Aim of the task:
Start to finish, print the data below exactly, without the images.

----------------

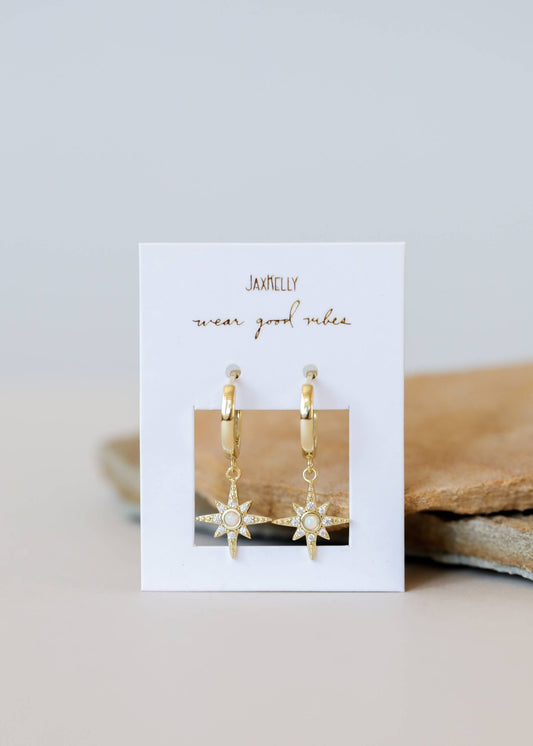 Celestial Starburst Mini Hoop Earring - Uptown Boutique Ramona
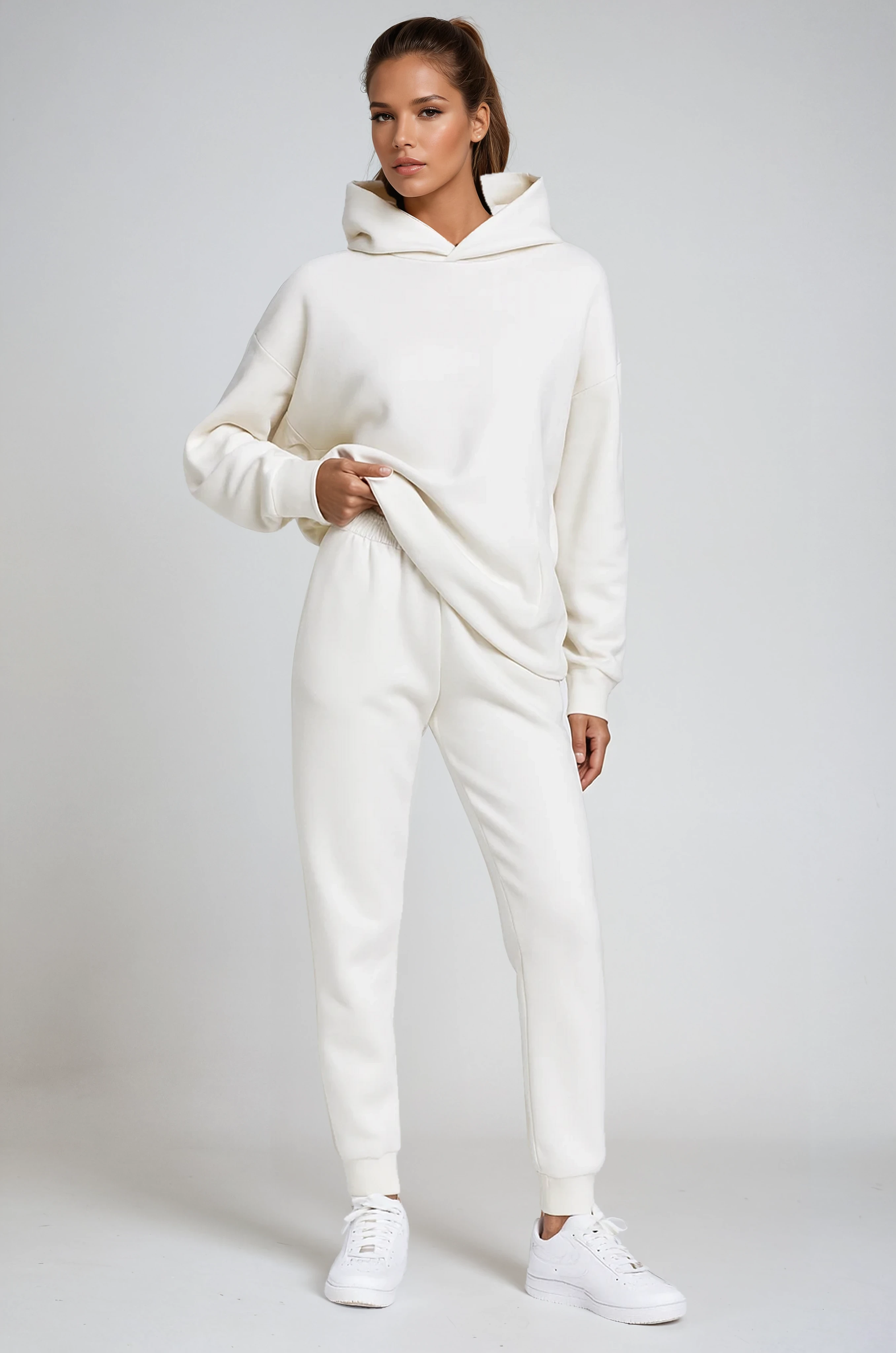 Hooded Loungewear Set in Brushed Cotton Blend for Relaxed Weekend Style | Koossa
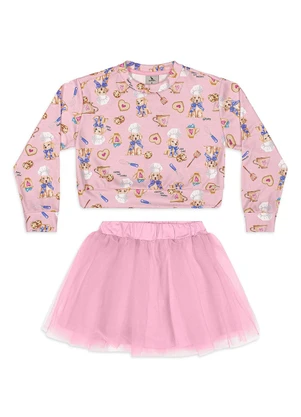 Quimby - Conjunto Blusão Saia de Tule Rosa - QUIMBY
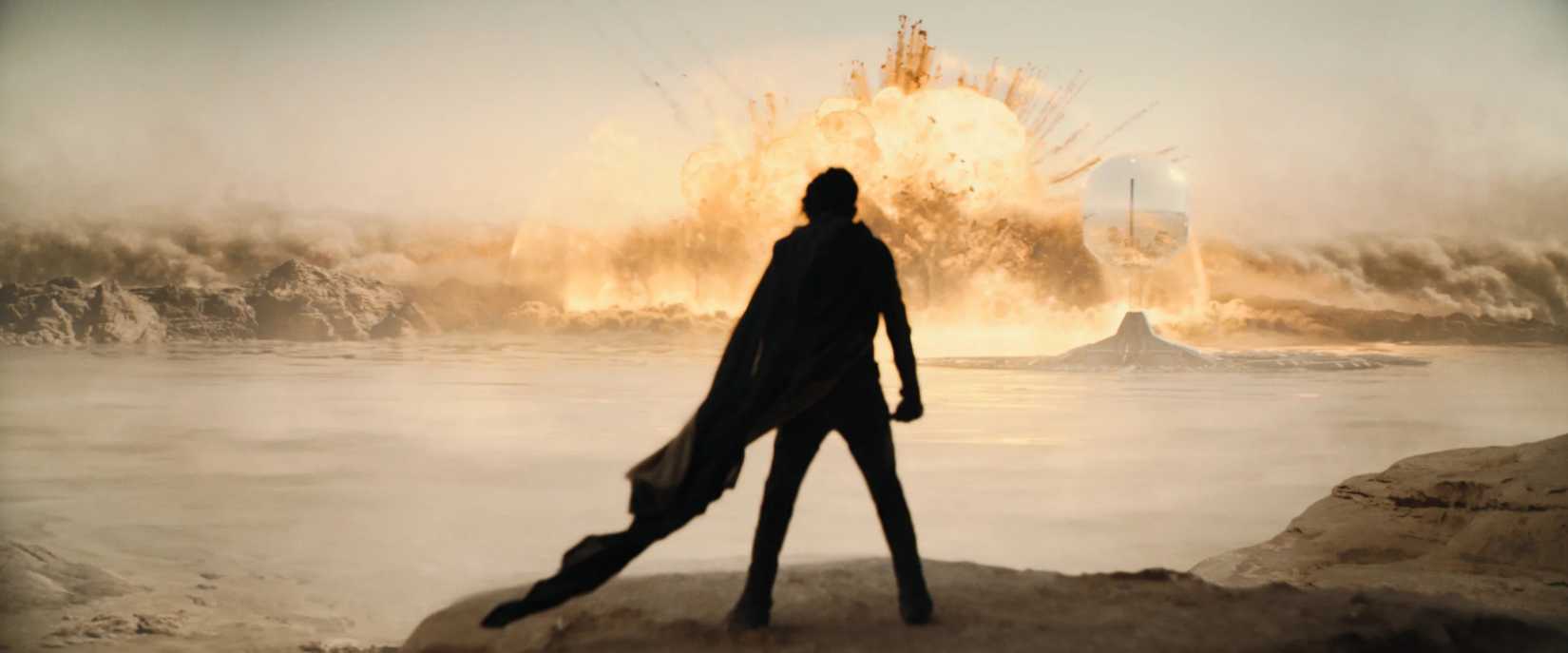 Paul facing an explosion in Dune Part Two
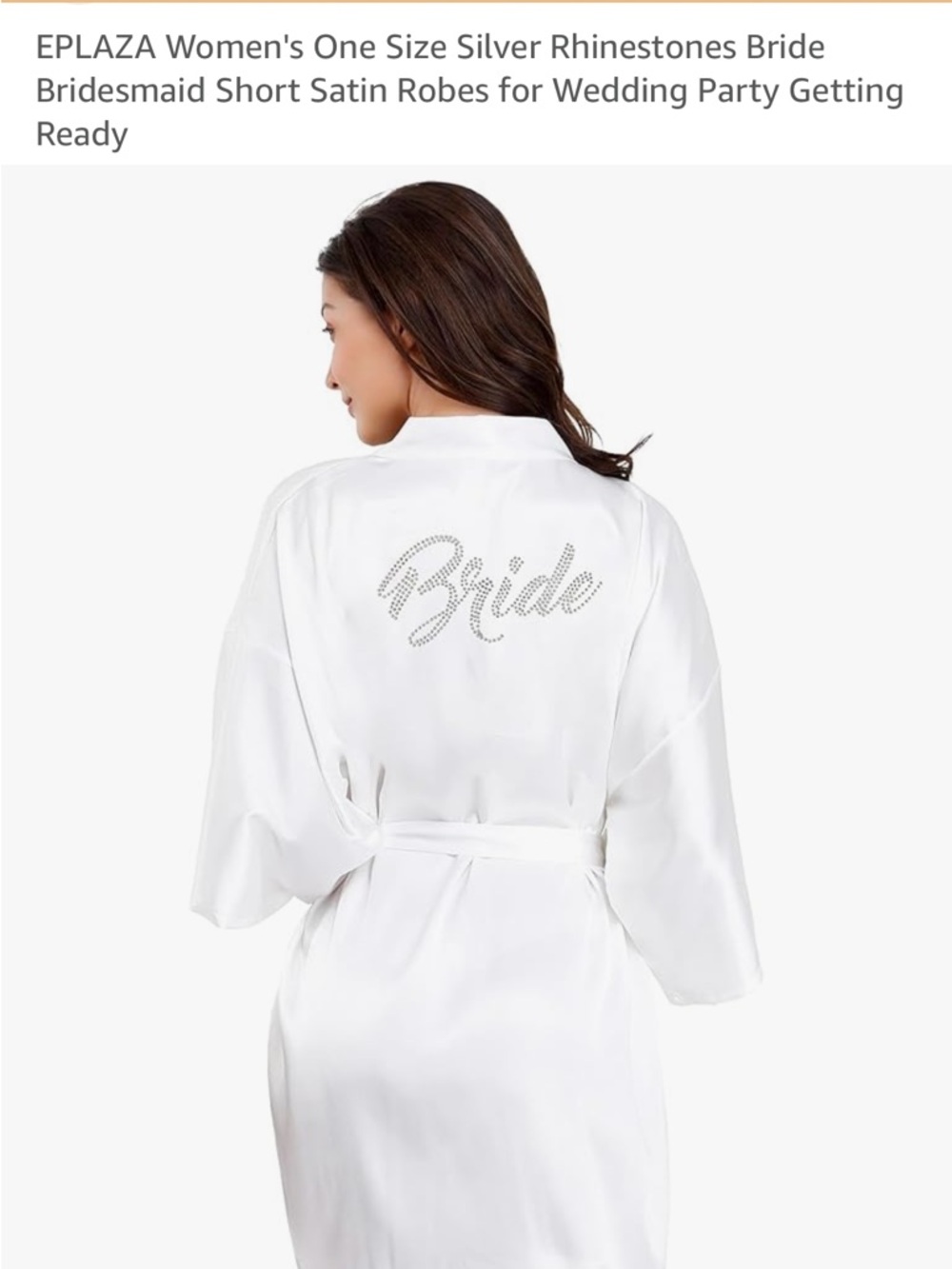 Satin Bride Robe White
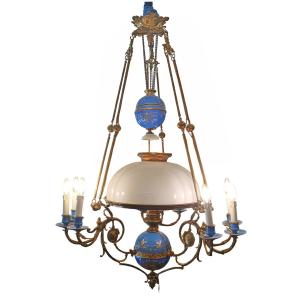 LAMPADARIO IN PORCELLANA E BRONZO DORATO META' XIX SECOLO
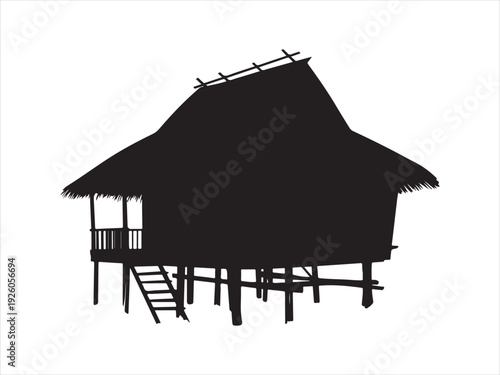 Stilt house silhouette vector, Traditional tribal huts and village home icon, Traditional stilt hut vector silhouette side view tropical dwelling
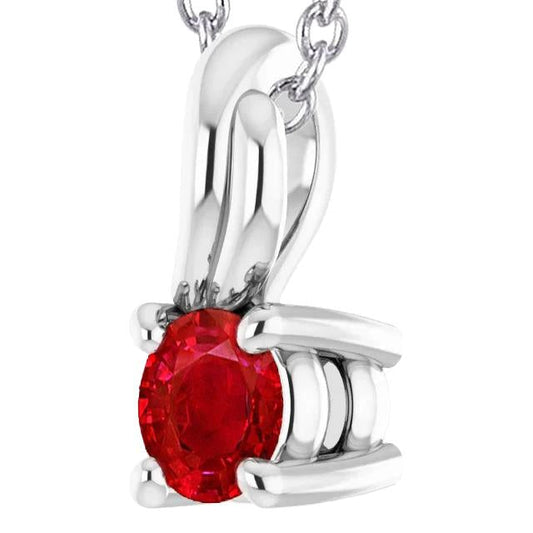 Four Prong Round Ruby Pendant 1 Carat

----------------

Task solution:
 Celestial Starburst Mini Hoop Earring - Uptown Boutique Ramona
 Hooded Loungewear Set in Brushed Cotton Blend for Relaxed Weekend Style | Koossa
 Quimby - Conjunto Blusão Saia de Tule Rosa - QUIMBY
 Paul facing an explosion in Dune Part Two
 Satin Bride Robe White
 LAMPADARIO IN PORCELLANA E BRONZO DORATO META' XIX SECOLO
 Stilt house silhouette vector, Traditional tribal huts and village home icon, Traditional stilt hut vector silhouette side view tropical dwelling
 Four Prong Round Ruby Pendant 1 Carat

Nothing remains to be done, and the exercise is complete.